The original arcade version features colorful 4bpp graphics, multi-layer parallax scrolling, and FM+PCM audio.

The arcade version is a fast paced side-scrolling hack-n-slash, quarter muncher. It is single player only (2 player alternating) gameplay, and is set in a swords and sorcery style game world. It was ported to a wide variety of systems, ranging from the C64, ZX Spectrum, NES, Sega Master System, and Atari Lynx, all the way up to machines with nearly arcade-perfect quality ports such as the Amiga, Megadrive, and the Sharp X68000.

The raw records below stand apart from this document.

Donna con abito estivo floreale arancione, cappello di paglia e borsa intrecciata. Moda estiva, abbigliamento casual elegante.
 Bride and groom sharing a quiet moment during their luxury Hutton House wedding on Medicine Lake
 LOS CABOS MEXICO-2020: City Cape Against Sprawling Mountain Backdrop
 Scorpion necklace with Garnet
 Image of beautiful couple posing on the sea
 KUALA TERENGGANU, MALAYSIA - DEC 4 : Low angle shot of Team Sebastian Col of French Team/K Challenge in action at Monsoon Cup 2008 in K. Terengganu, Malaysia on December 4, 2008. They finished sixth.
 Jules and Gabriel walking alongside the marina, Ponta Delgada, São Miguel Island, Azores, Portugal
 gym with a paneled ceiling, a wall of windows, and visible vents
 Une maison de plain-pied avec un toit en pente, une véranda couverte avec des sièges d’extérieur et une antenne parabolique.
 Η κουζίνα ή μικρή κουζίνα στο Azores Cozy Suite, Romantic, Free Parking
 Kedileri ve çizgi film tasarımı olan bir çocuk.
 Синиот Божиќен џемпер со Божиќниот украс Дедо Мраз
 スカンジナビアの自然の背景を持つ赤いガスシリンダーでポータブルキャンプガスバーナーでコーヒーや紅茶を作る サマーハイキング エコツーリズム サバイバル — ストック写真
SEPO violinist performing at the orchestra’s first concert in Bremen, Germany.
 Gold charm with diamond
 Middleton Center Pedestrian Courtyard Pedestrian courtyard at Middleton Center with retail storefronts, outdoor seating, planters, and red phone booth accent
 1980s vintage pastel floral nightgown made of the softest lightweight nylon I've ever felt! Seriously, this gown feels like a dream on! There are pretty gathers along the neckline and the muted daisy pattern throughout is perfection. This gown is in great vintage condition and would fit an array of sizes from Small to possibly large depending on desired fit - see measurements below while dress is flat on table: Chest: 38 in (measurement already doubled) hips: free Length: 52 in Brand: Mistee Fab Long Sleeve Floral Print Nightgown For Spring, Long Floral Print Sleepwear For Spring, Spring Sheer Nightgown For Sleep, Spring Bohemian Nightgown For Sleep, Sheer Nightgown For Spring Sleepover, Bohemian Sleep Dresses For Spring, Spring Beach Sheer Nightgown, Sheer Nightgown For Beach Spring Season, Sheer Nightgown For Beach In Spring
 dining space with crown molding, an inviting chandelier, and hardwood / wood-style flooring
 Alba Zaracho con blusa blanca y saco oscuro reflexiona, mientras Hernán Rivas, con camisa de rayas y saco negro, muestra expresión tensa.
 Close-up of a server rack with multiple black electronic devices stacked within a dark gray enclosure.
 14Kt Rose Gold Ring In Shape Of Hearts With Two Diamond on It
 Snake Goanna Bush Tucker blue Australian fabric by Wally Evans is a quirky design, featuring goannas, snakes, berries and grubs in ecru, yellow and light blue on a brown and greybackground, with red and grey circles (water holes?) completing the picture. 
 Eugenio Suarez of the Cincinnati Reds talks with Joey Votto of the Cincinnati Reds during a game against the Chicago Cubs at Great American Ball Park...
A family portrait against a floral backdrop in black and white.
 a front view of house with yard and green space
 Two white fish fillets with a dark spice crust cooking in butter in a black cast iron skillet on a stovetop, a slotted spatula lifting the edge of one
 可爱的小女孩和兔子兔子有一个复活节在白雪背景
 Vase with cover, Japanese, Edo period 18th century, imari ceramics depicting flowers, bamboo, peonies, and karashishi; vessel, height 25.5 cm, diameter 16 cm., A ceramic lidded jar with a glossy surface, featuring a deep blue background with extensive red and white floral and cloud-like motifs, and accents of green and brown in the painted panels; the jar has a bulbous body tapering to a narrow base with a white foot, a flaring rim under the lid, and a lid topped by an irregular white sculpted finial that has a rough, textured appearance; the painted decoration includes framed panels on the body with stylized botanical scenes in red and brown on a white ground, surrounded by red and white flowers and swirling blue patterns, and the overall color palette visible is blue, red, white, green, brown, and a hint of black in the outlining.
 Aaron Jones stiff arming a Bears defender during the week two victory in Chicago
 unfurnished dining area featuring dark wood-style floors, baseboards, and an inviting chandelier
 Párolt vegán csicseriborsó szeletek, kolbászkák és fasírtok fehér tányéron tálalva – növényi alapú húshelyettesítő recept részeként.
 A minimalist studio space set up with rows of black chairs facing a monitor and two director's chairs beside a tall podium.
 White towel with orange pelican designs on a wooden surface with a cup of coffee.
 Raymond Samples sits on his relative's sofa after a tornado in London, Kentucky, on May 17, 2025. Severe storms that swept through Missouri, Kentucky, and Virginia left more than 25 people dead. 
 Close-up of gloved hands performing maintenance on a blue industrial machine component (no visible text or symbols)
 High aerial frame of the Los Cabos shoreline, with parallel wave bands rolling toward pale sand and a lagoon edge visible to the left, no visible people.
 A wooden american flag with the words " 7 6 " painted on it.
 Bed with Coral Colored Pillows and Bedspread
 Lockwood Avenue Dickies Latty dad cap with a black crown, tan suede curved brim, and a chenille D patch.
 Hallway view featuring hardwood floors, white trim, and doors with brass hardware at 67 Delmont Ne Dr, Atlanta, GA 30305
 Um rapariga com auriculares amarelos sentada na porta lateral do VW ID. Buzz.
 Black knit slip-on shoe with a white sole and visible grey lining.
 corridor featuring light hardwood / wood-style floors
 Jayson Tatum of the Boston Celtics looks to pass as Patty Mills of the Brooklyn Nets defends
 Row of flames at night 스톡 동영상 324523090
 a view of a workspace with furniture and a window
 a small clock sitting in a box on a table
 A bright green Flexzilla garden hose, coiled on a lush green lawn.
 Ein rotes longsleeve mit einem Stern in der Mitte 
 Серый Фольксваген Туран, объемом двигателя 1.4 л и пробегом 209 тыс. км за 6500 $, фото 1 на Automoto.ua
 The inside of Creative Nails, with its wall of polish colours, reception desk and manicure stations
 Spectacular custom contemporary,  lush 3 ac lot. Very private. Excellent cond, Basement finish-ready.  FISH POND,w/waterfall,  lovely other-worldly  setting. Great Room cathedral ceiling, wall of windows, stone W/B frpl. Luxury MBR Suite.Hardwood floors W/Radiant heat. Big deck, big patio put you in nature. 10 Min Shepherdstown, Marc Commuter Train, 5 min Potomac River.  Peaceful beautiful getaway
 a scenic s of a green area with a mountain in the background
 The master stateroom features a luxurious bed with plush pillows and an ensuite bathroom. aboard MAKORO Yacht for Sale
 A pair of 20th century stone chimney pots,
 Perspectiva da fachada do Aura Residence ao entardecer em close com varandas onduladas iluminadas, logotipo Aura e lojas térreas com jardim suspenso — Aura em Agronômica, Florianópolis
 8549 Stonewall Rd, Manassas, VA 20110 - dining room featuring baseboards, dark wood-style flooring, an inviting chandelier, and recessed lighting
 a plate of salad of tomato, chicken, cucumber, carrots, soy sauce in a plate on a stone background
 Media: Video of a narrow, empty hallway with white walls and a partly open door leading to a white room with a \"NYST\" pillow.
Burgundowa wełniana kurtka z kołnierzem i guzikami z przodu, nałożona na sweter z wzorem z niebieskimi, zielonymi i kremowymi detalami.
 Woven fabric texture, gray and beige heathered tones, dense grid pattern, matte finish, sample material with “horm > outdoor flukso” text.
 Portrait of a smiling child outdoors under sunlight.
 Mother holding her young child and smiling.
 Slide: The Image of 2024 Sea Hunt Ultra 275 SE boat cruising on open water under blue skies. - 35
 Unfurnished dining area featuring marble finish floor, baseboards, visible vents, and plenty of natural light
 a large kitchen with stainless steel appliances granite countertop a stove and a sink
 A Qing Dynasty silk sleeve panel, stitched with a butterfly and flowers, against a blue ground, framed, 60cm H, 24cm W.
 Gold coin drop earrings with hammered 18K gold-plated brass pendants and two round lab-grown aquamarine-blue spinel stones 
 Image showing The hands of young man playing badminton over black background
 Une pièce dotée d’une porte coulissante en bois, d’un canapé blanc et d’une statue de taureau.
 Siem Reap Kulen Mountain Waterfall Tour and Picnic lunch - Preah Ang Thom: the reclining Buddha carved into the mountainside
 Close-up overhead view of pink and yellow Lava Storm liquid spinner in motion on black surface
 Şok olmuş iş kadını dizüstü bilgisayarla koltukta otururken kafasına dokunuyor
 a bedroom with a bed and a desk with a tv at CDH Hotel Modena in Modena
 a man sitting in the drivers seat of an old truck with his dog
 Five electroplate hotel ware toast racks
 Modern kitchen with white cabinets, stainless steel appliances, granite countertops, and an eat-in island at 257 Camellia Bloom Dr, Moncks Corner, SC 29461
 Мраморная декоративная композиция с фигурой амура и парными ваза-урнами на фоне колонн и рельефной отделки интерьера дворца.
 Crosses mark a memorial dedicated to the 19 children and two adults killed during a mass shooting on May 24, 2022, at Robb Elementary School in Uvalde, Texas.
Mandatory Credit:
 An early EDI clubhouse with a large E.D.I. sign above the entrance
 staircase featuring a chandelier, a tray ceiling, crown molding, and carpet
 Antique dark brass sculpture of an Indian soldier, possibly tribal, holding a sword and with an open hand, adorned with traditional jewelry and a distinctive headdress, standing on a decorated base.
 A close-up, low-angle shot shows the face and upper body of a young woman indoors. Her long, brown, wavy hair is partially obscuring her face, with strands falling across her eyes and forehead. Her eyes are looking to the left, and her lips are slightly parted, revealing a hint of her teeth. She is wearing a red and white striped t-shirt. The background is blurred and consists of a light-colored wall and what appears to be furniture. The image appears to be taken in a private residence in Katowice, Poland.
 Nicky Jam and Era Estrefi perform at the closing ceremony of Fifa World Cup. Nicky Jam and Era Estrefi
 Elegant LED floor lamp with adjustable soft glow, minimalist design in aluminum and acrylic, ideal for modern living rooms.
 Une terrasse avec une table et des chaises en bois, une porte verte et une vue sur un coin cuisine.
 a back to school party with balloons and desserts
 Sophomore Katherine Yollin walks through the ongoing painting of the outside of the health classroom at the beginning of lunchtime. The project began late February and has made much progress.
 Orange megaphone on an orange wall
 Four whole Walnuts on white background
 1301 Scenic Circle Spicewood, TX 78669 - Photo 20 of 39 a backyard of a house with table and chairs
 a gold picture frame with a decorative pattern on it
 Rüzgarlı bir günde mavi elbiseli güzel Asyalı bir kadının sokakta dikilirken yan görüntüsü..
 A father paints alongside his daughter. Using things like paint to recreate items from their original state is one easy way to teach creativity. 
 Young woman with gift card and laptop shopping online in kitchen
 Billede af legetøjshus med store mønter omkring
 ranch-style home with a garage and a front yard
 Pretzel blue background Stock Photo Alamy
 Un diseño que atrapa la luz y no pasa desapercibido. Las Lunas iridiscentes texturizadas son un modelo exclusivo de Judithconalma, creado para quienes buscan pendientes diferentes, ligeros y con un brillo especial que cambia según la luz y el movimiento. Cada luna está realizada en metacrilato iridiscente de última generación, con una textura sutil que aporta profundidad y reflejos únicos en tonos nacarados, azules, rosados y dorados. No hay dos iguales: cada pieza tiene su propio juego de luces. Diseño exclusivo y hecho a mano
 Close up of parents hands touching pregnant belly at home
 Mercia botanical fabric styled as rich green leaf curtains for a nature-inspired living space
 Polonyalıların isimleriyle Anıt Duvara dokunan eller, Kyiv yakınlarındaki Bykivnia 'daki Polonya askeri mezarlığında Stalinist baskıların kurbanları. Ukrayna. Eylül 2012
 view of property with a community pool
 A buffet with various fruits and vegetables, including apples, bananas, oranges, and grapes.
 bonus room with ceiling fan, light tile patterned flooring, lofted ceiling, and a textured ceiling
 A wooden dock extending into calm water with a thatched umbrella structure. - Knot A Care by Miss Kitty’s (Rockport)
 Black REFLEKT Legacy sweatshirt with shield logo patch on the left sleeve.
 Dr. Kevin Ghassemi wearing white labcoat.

In western markets, the game's title is 'simply' the eponymous hero's name, but this was actually a mistake. It was actually the villain's name. The game's Japanese title does refer to the hero, but not by name, so perhaps this is why the western title was assumed to be the hero's name. The hero was actually un-named in Japan, simply known as "The Hero of Argus." Since the western title was commonly mistaken as the hero's name, it did officially become the hero's name. The villain's name was then modified - but only by changing the first letter from R to L. (which is funny because they're basically the same letter in Japanese)

The NES port is unique from the others. Like many NES ports, it was heavily modified from its original form, making it into more of an action adventure format than a pure arcade-style experience.

One final hint: The NES version is well-regarded, but one of the main complaints is that it lacks any kind of save-and-continue system such as a battery backup or password system, so it must be beaten in one sitting.